Dix ans plus tard, il a commencé sa période espagnole (en 1963 les îles Baléares), avec tauromachie, présenté par le poète espagnol Rafael Alberti, figures mythologiques, ses expériences sur l'acrylique et des couleurs de plus en plus chauffées (le rouge sera encore plus présent dans ses tableaux). en 1965 Ses dessins et ses sculptures sont exposées à la Galleria Civica di Monza; sera ensuite le tour d'une exposition rétrospective à Bucarest et, par la suite, la Galerie d'art moderne de Cagliari (où, dans le 1967, Il était également présent Foiso Fois). Il est de la même année, il a déménagé à Monticello Brianza, au cours de laquelle effectuer principalement peintures murales.
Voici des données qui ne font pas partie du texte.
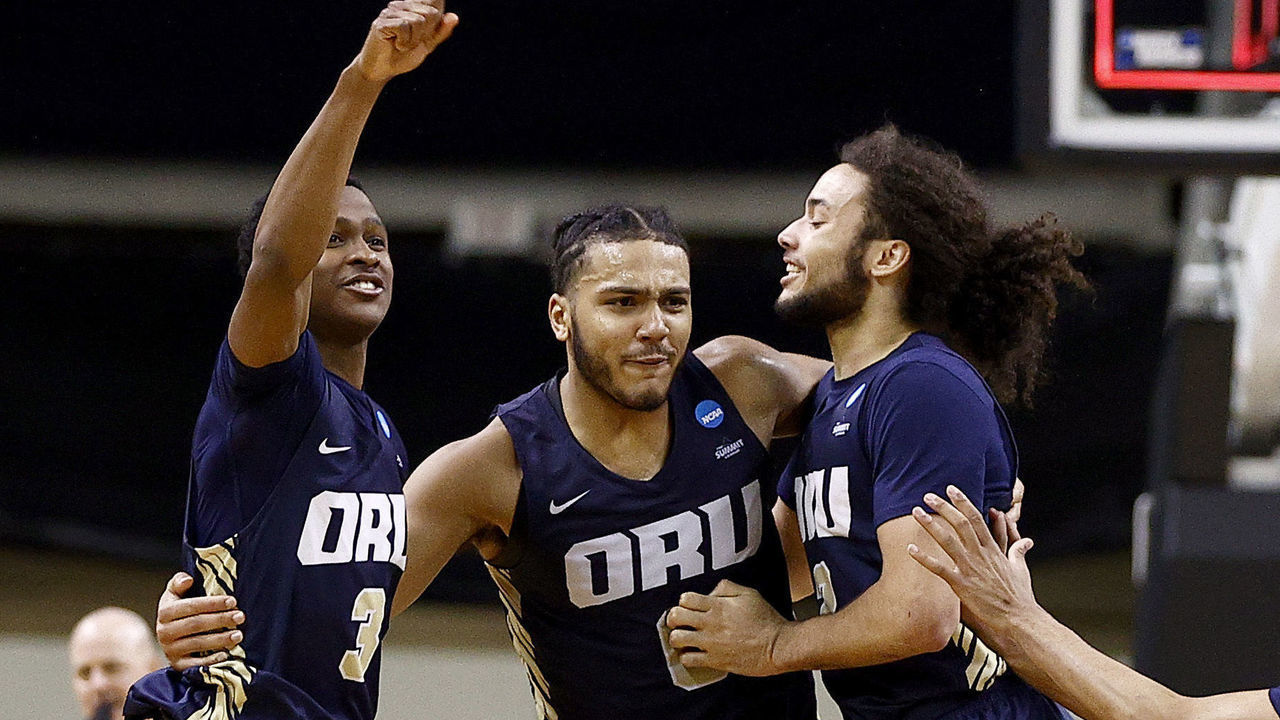 INDIANAPOLIS, INDIANA - MARCH 21: Max Abmas #3, Kevin Obanor #0 and Kareem Thompson #2 of the Oral Roberts Golden Eagles celebrate after defeating the Florida Gators in the second round game of the 2021 NCAA Men's Basketball Tournament at Indiana Farmers Coliseum on March 21, 2021 in Indianapolis, Indiana. Oral Roberts defeated Florida 81-78.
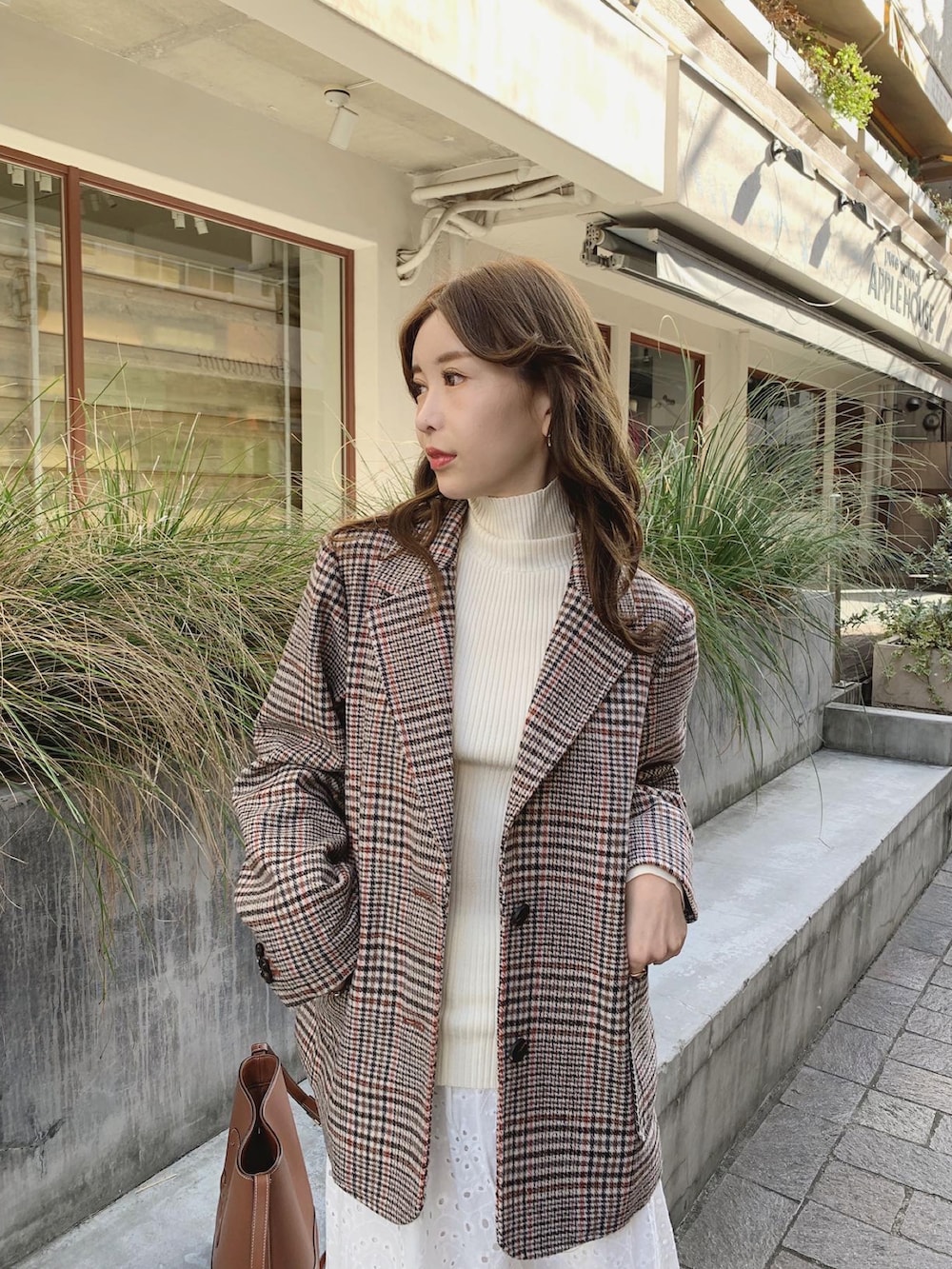 オレンジ系のテーラードジャケット、ホワイト系のニット/セーター、ホワイト系のスカートを着用したレディースの秋コーディネートの2枚目の写真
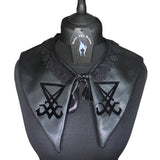 A detachable collar in a gothic style associated with Fetish goth, Nu goth and romantic goth. Black cotton lining and black faux leather top layer with black lace trimming and black ribbon tie up detail, with a velvet transfer of the sigil of lucifer. The perfect valentines gift for a gothic lover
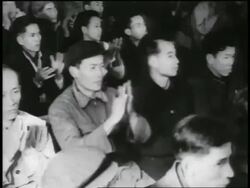 B/W 1950s high angle young Asian people in audience clapping / Communists / North Vietnam Stock Footage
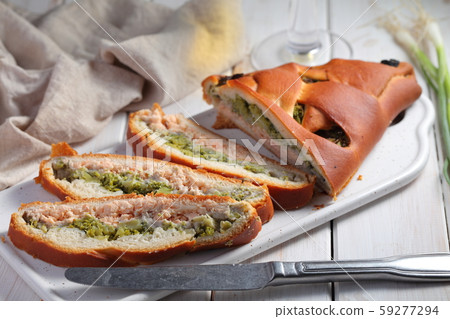 Salmon and broccoli pie on a rustic table Salmon and broccoli pie on a rustic table 59277294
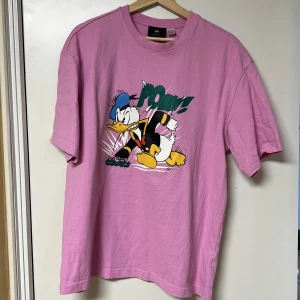 Rosa t-shirt med Kalle Anka-tryck - Säljer en cool rosa t-shirt från H&M med ett färgglatt Kalle Anka-tryck och texten 'Pow!'. Perfekt för dig som gillar serietidningar och vill ha en unik stil. T-shirten är kortärmad och gjord i mjukt bomullsmaterial.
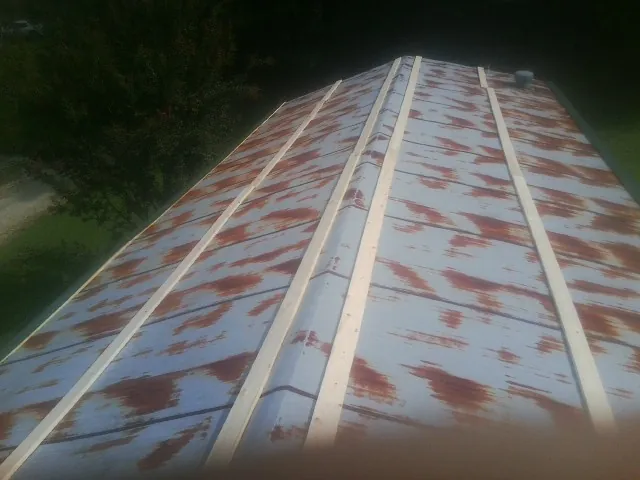 Rusted metal roof panels with new wood purlins before replacement — Storm Damage Roof Repair in Bethel Springs by Roofing Brothers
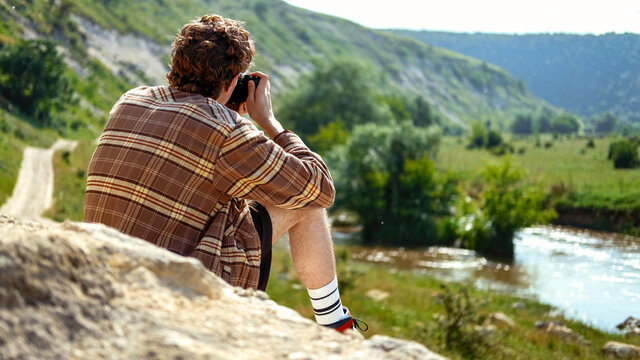 A young man with curly hair taking shots using camera in the nature, sitting on a rock, greenery and river nearby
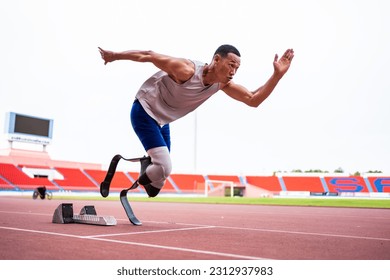 Asian para-athletes disabled with prosthetic blades running at stadium. Attractive amputee male runner exercise and practicing workout for Paralympics competition regardless of physical limitations. - Powered by Shutterstock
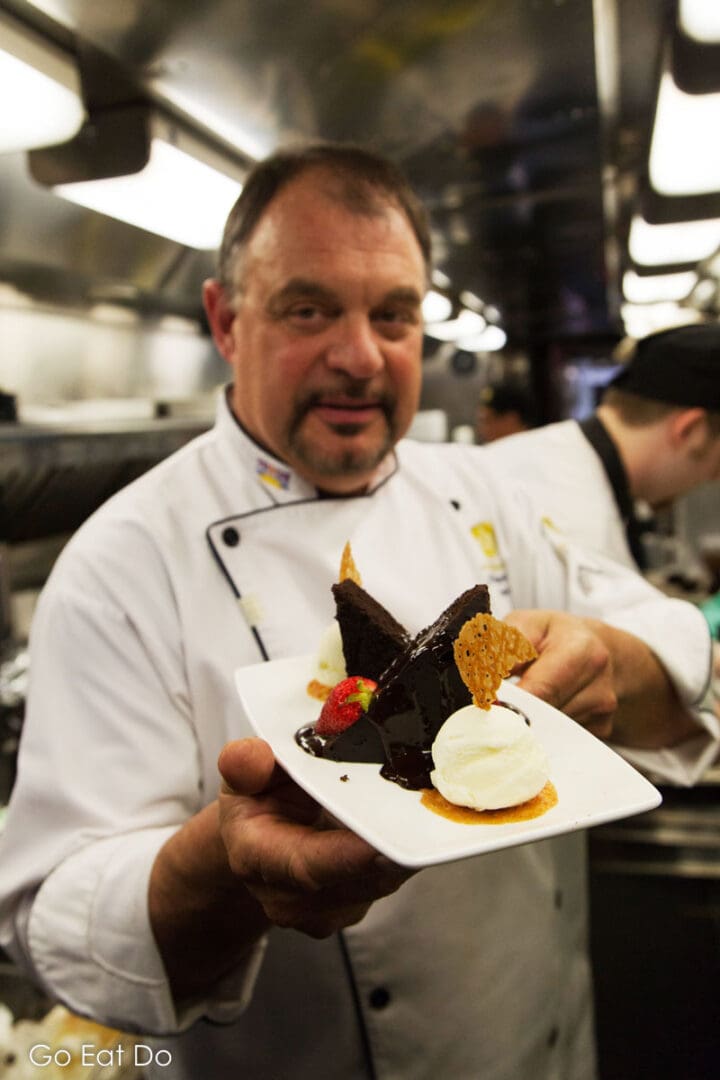 Executive chef shows a dessert prepared in the galley of a Rocky Mountaineer train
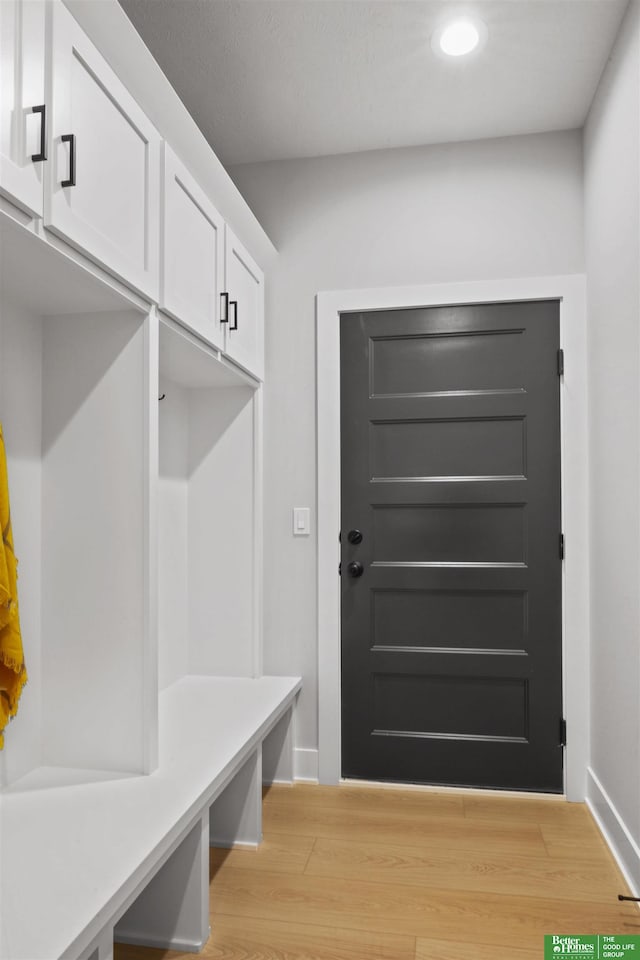 mudroom with light hardwood / wood-style flooring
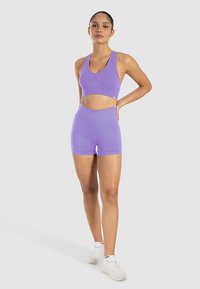 Paarse geribbelde sportbeha en bijpassende shorts met hoge taille van rekbare stof. Witte sportschoenen maken de outfit compleet.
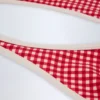 Top de bikini Morella con cuello halter en cuadros rojos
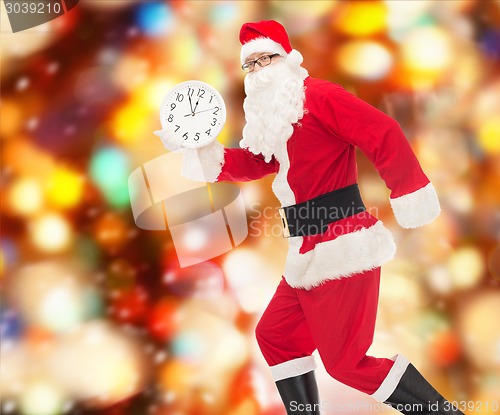 Image of man in costume of santa claus with clock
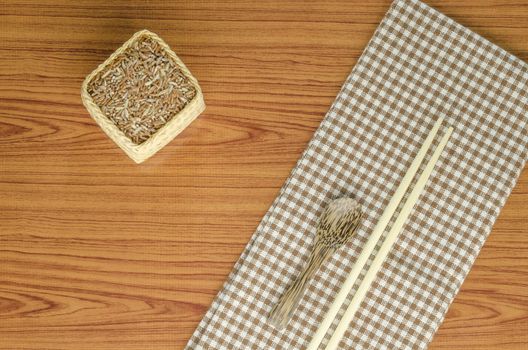 brown kitchen towel with spoon on wood background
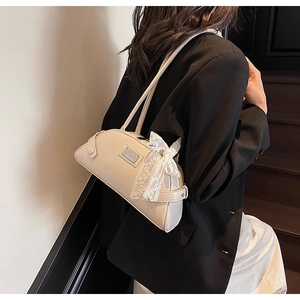 Detail of cream baguette shoulder bag featuring a lace bow and metal plaque accent
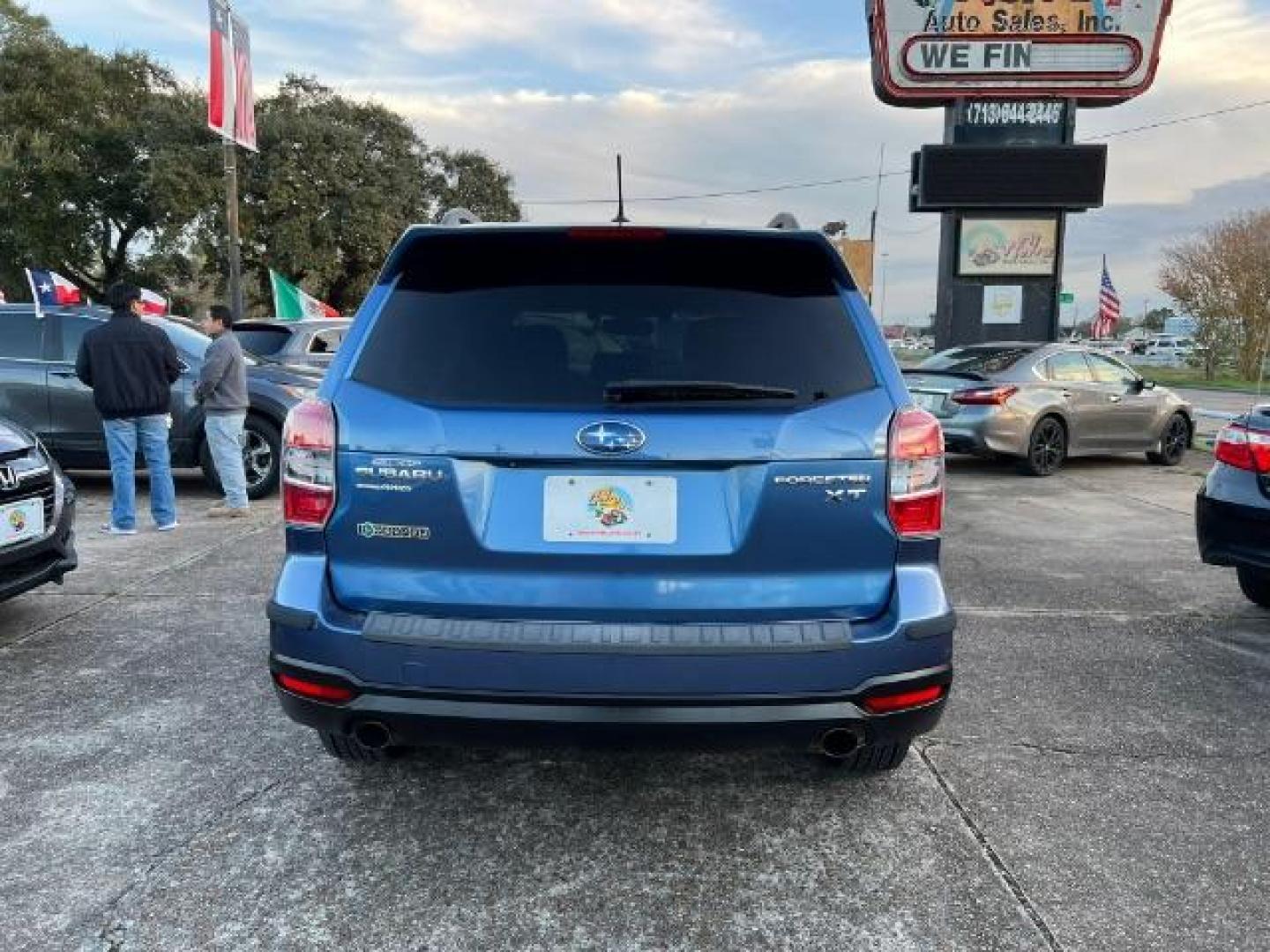 2015 Quartz Blue Pearl Subaru Forester 2.0XT Touring (JF2SJGWC3FH) with an 2.0L H4 SOHC 16V engine, Continuously Variable Transmission transmission, located at 7935 Gulf Freeway, Houston, 77017, (832) 266-1645, 29.684393, -95.275665 - Photo#5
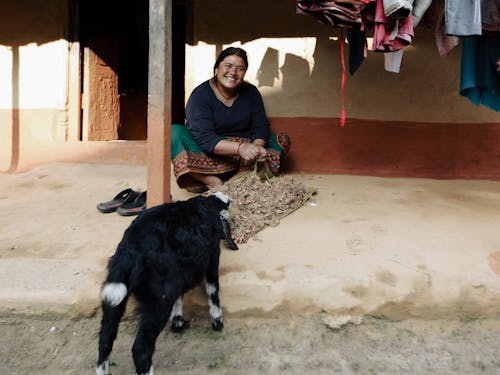 A Happy Woman Sitting Outside a Concrete House Near a Goat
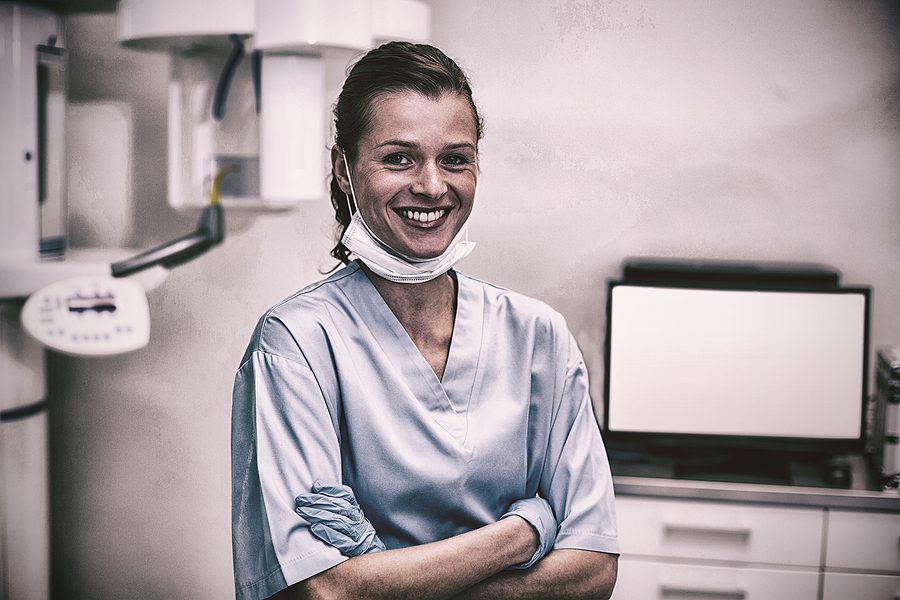 Smiling dental assistant standing with arms crossed in dental clinic. 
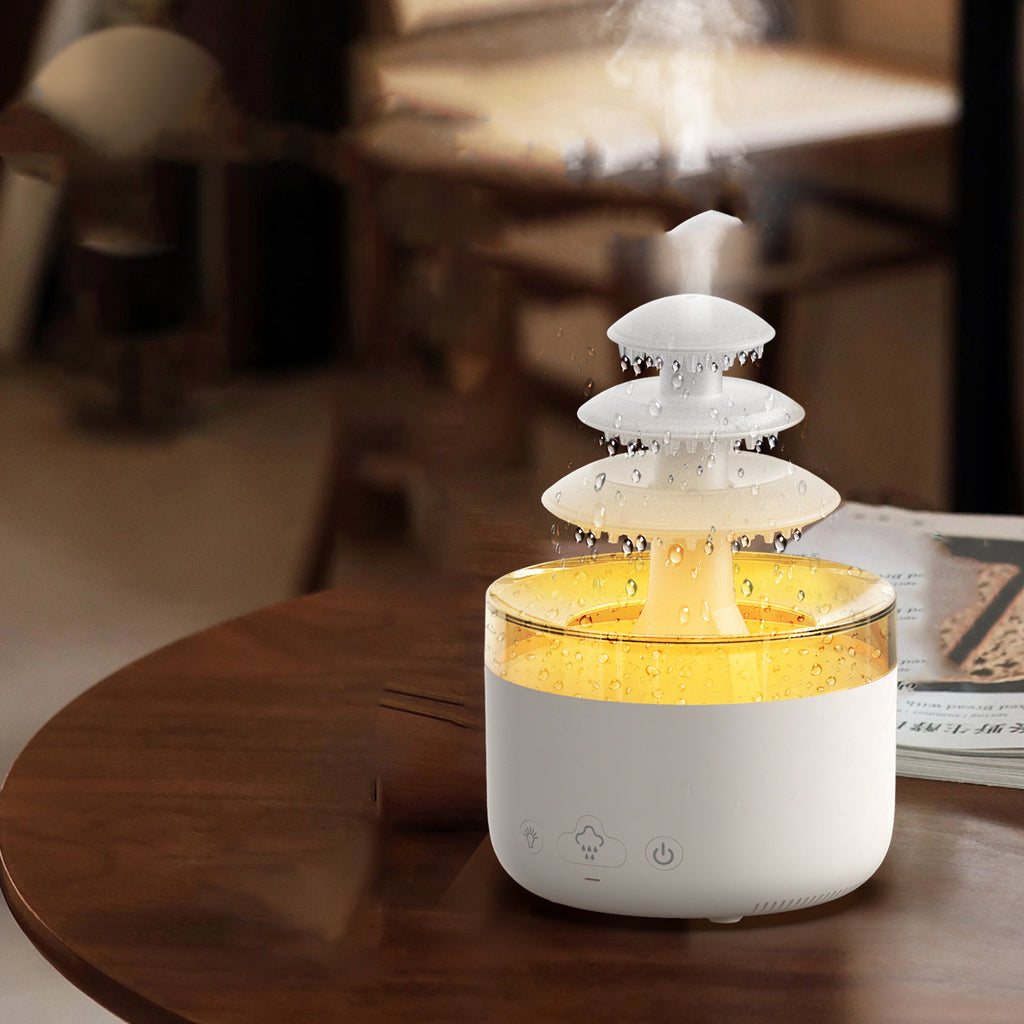 Humidificateur nuage de pluie en lumière ambrée sur une table ronde en bois foncé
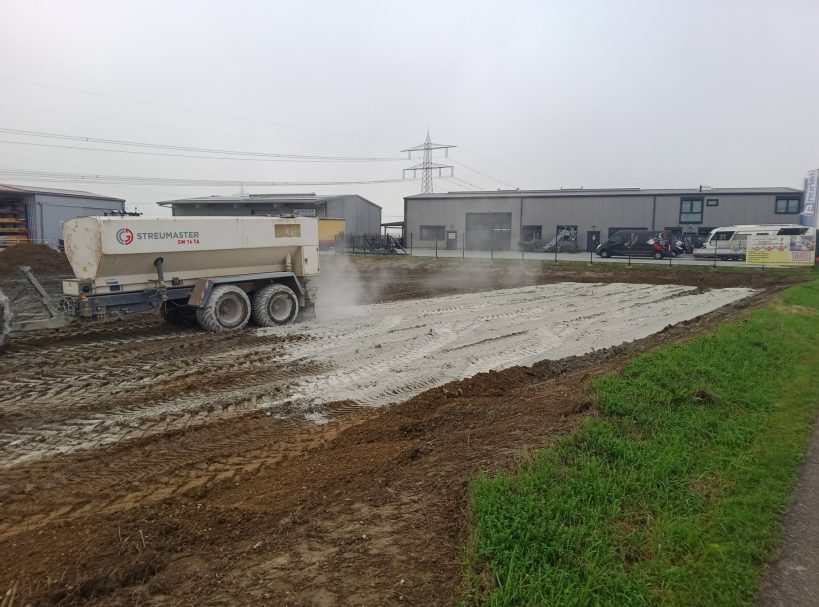 Bodenstabilisierung durch Kalken Baustelle mit einem Lkw, der frischen Beton auf eine unebene Fläche verteilt.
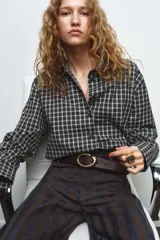 Camisa oversize de algodón con estampado de cuadros, cuello solapa, manga larga con puños y cierre frontal con botones. Presenta un detalle de pañuelo integrado en el mismo tejido que se anuda en la parte frontal.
au 1968 Ils appartiennent à plusieurs grands tableaux, y compris la Che Guevara, a fait don au Musée de La Havane. en 1969, Biennale, il a reçu le 1er prix mur peint. en 1972 mariée Helenita Olivares. Voyager entre Majorque et l 'Italie il a collaboré à 1973 à Vêpres siciliennes pour la réouverture de Teatro Regio de turin. au Vatican Il a été consacré à une salle Galerie d'Art Moderne. Trois ans plus tard, il a réalisé deux mosaïques pour la paroisse Sant'Andrea à Pescara et l'année suivante, il expose ses œuvres dans la ville de Rotterdam, Toronto et Majorque. Il est le 1984 une première rétrospective Ferrara, un Palazzo dei Diamanti, puis à Rome Château Saint-Ange, qui a suivi celle de Milan, le Palais Royal[5].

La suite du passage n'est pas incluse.